Flash forward, and the Monet of Money and The King of the High Street as he is called at an awards’ ceremony, is throwing himself a 60th birthday party on the island of Mykonos. The theme is ‘Gladiator,’ and Rich will be dressed accordingly in a white robe to match his ridiculously white teeth.
The theme seems to be a family in-joke because Rich, his creepy teenage son, Finn (Asa Butterfield) and his feisty ex-wife, Samantha (Isla Fisher) who remains part of Rich’s entourage, recite lines from the Ridley Scott movie by heart. One of the organisers has apparently not seen the film, however, because instead of a tiger there is a lion in a cage inside what will be the amphitheatre if the apathetic Greek and Bulgarian construction crew can pick up the pace.

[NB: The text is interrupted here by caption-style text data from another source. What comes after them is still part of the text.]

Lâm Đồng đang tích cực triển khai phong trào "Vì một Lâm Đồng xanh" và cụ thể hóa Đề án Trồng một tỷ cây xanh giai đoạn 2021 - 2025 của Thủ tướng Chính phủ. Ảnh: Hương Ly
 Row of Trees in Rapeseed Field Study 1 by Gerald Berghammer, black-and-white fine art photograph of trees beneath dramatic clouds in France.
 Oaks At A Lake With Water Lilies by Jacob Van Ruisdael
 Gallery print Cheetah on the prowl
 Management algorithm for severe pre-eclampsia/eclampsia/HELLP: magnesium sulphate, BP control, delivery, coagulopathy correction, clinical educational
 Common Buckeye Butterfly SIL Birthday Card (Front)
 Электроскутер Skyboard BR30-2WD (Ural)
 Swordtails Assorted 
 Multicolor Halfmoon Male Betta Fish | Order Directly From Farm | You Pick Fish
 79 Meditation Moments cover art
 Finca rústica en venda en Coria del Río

There is another obstacle, too. In stark contrast to the McCreadie beach party, there is a family of homeless Syrian refugees on the beach and how would this look? This sight proves so distasteful to Rich that he orders them to be removed, before being reminded it is a public beach. Rich quickly recants in the face of negative publicity, blaming his concern on the superficial party guests, some of whom are being paid to attend.
More than an ego trip, the party is a public relations exercise to quell any rumours about the business. The party scenes are intercut with Richard’s appearance at a Parliamentary Committee hearing in which MPs are looking into McCreadie’s past record of bankruptcies and financial fraud.
The party is also something for the books, and Rich is being followed around by Nick who befriends another outsider, Amanda (Dinita Gohil) whose mother is Sri-Lankan. We are never told just what Amanda’s position is or entails, but she has a particular interest in McCreadie that goes beyond a budding career in fashion.
The emergence of Amanda leads to a little subplot that adds some interest to the Greek party scenes. Although Amanda also provides a character with whom the audience can empathise, it has the feel of an underdeveloped Greek melodrama.
In an expository section, Nick meets with Samantha on their super yacht in Monaco (Philip Green’s holdings were allegedly all in his Monaco-based wife’s name for tax purposes) and tells him that the move to Monaco changed him. Here, they were just millionaires when everyone else was a billionaire. Interviewing a financial correspondent Nick gets a lesson in the financial dealings of bottom feeders. McCreadie was the master of taking public companies private, milking and selling off assets and using a company’s money to buy that company with none of his own money at risk.
Arcadia group is not alone in exploiting workers (mainly women) in developing countries and while not mentioned by name in the film, Primark clothing is even less expensive. But the fact that his company remained in dodgy private ownership with a face to the company name makes Sir Philip a Wolf of Oxford street, and a symbol. Statistics on captions over the closing credits confirm that the exploitation shown in the film is real.
The film wants to make us angry at this greed and possibly a bit guilty as consumers, but that’s easier than offering solutions. What do you do if you cannot afford garments hand made in Italy and if even the very British brand, Burberry is made overseas? It is completely plausible that even Amanda’s clothes are made in Sri Lanka or China by people just like her mother.
This role is no challenge for Coogan who has a blast portraying this superficial monster, although he is convincing enough. As the British version of The Big Short meets The Wolf of Wall Street, it has nothing new to say about greedy men. As an issue-based film about the rag-trade’s exploitation of developing countries, it is superficial and familiar; and as a biopic or satire, it is too close to the bone to be humorous.